This is quite a bit slimmer than using one of the WebGPU libraries like wgpu-rs or Dawn, because sokol-gfx doesn't need an integrated shader cross-compiler (instead translation from a common shader source to the backend-specific shader formats happens offline).
Eventually I'd also like to support the Android, iOS and WASM backends from Zig (currently this only works from C/C++, for instance here are the samples compiled to WASM: https://floooh.github.io/sokol-html5/)
And finally, I'd also like to become completely independent from system SDKs for easier cross-compilation, but with a different approach: by automatically extracting and directly including only the required declarations right into the source files instead of bundling them into separate git repositories (similar to how GL loaders for Windows work).
I love this codebase. I’ve been working with it on the side for a few weeks: it’s extremely well documented, supports Metal, has reasonable abstractions that don’t try to be the One True Way, and the Zig port looks really clean.
very cool work :) If you like, add a screenshot or two and I'll include this in the next zigmonthly.org article
you might also be interested to know about stub dynamic libraries, e.g. `.tbd` files on MacOS. That's what is in the Mach SDK repos primarily[0], though I'm sure you could slim them down some more with a concrete list of symbols you depend on.

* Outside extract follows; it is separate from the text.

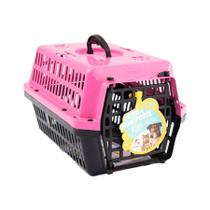 Caixa de Transporte Alvorada New Rosa para Cães e Gatos - Tamanho 4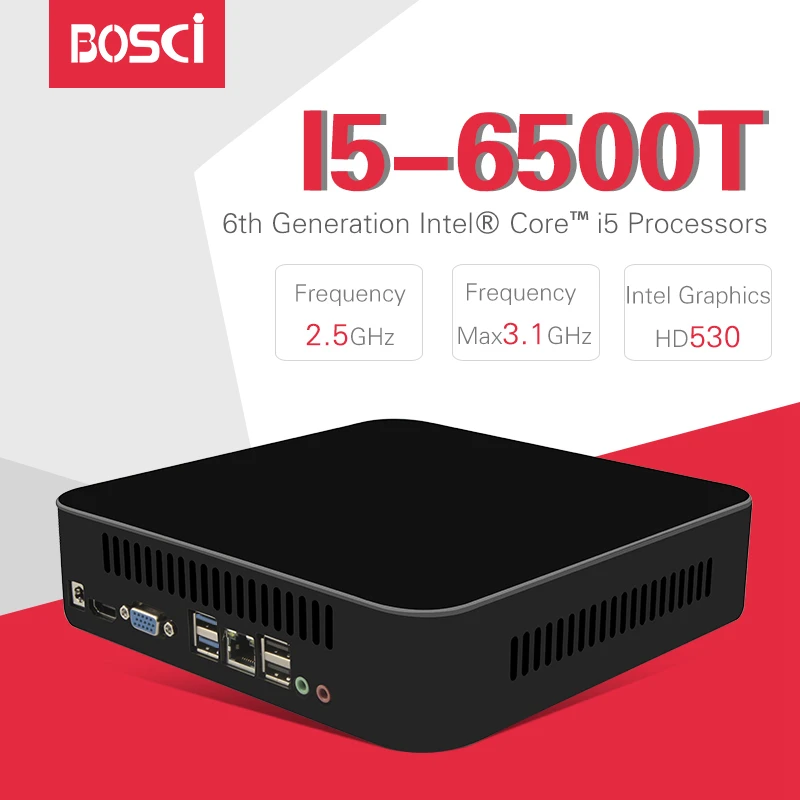 MSECORE Intel Quad-core I5 6500 Gaming Mini PC i7 Windows 10 Desktop Computer Pocket PC linux Netto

author here, I do think that's a reasonable choice of tech in general, but I won't be using most of those for Mach for various reasons:
* glm -> zig has native vector types with SIMD support and I think in the long-term these could be much nicer.
* bgfx is truly awesome, but I'm keen to is WebGPU for the reasons outlined in the post.
* imgui - I do think it's the best thing out there currently, but I have something up my sleeve for a much better UI library built around vector graphics and have done a lot of research in this area.
re: zig's SIMD vectors - I would caution you to do some proof-of-concept with some perf testing because as I understand it, these are more well suited for doing bulk operations on a large array of things, rather than for modeling linear algebra.
For example, if you had 100 PointA objects and 100 PointB objects and you wanted to compute the midpoint of all of them in an output array, you would use SIMD vectors to represent, e.g. 10 X values at a time, and 10 Y values at a time, and then do the math on that, rather than to represent each Point as a separate vector.
But that's just something I heard, of course real world experience would be interesting to hear about.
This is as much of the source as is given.